It was a short hike, about an hour out and forty minutes back, and our only view came at the turnaround, where we looked out onto a grey and white valley silenced by snow (even this only lasted minutes, as the eerie rumble of a plow rose from somewhere far below us).  We only talked a little, and that was the nervous chatter of two good but not great friends, and it was spiked with poses and irony.  But although each other’s company gave the reason for the hike, we were both out there for ourselves.  As we walked, I found myself falling into that contempletive, dreamy state that long effort brings.  Another friend of mine, named Ben, is a schemer. He likes to dream.  I didn’t realize this until I’d known him for years, and I would respond pragmatically to his grandiose plans.  He’d talk about buying land and real estate and profiting hugely on it, or about opening the first Krazy Kreme franchise in New England.  I used to think that either he was serious or joking, the only two options I could see.  It wasn’t until he answered my pragmatism with “I just like to scheme. I’m not serious. But I’m not joking, either,” that I realized the significance that dreaming held for him.

And then I recognized that I did it too, but I would be disappointed, later, when I realized I hadn’t acted to bring those dreams to fruition.  I had fallen into the results oriented world in which so many of us exist, a world that thinks dreams are foolish, if not acted upon.

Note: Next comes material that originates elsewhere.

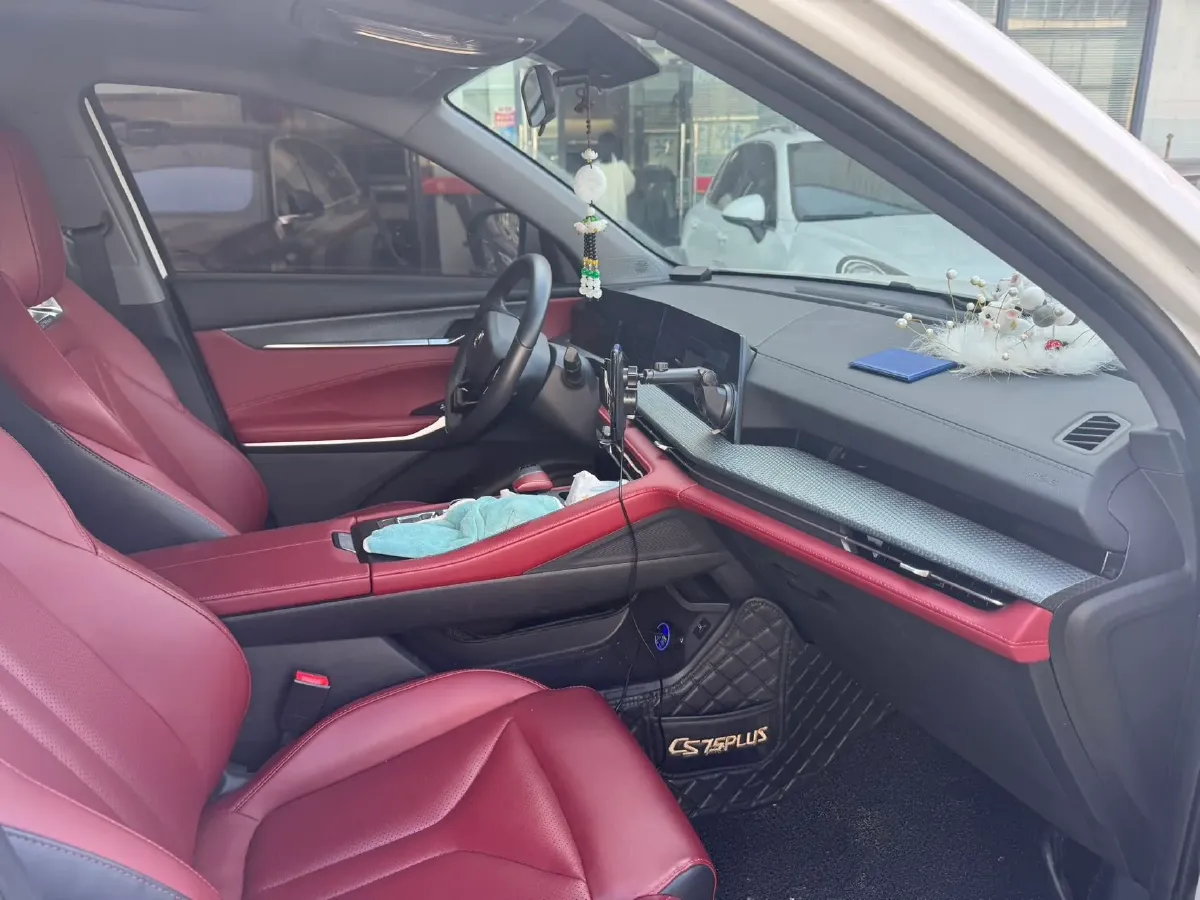 2022 ChangAn CS75 Plus 2.0T 233HP L4 8AT,autocango,china used car exporter,china ev exporter,chinese used car exporter,chinese used ev exporter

As Blake and I walked through the snowy, grand, quiet woods, we each sunk deeper into our thoughts.  I dreamed about the articles I was writing in my mind, about a wild canoe race in Quebec and an access issue here in Windham county.  Blake was, I’m sure, erecting a positive end to his current troubles.  The possibilities seemed so simple, there, walking easily through the snow; all you’d have to do, upon returning home, would be to take the steps one at a time: call the subject, then the magazine, schedule the interviews, write, re-write, discuss, publish, bask.  It was lovely.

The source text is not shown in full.